África supone exactamente lo contrario, ya que allí apenas se encuentra etanol en el combustible, a excepción de algunos países e intentos.
La situación es algo diferente en Asia, donde la evolución abarca desde el E10 al E20.
Por el contrario, Australia y Oceanía se asemejan a los países europeos.
Como conclusión podemos afirmar que el porcentaje de etanol en el combustible aumenta en todo el mundo de forma continua. De esta forma disminuye la dependencia de las materias primas fósiles y se reducen las emisiones.
El caso especial de Brasil
Brasil es un caso especial a nivel internacional en lo relativo al contenido de etanol en el combustible. El E100 está ampliamente extendido allí y la gasolina «normal» ya presenta un elevado contenido de etanol con el E25. ¿Por qué sucede esto?
Los motivos son diversos y se deben principalmente al precio, la fiscalidad y las materias primas disponibles. Como materia prima se utiliza la caña de azúcar cultivada a gran escala.
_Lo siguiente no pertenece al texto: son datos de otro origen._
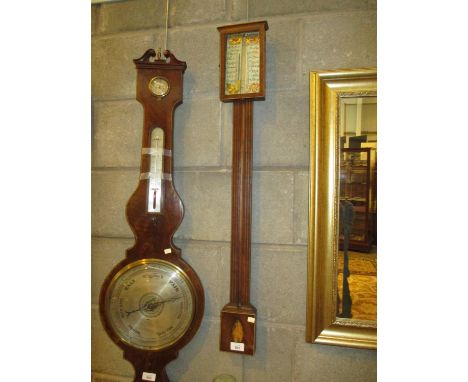 Inlaid Mahogany Stick Barometer by R. Collins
Para compensar la reducida densidad energética (y, por tanto, la autonomía) del etanol, el precio del etanol puro debe ser, como mínimo, un 30 % inferior al de la gasolina.
Los motores están diseñados para ello y emplean tecnologías que permiten un funcionamiento fiable con etanol puro. Una pionera de esta evolución tecnológica es VW, estrechamente ligada a Brasil.
VW ha facilitado el acceso del gran público a los motores de combustible flexible —que funcionan tanto con etanol como con gasolina—.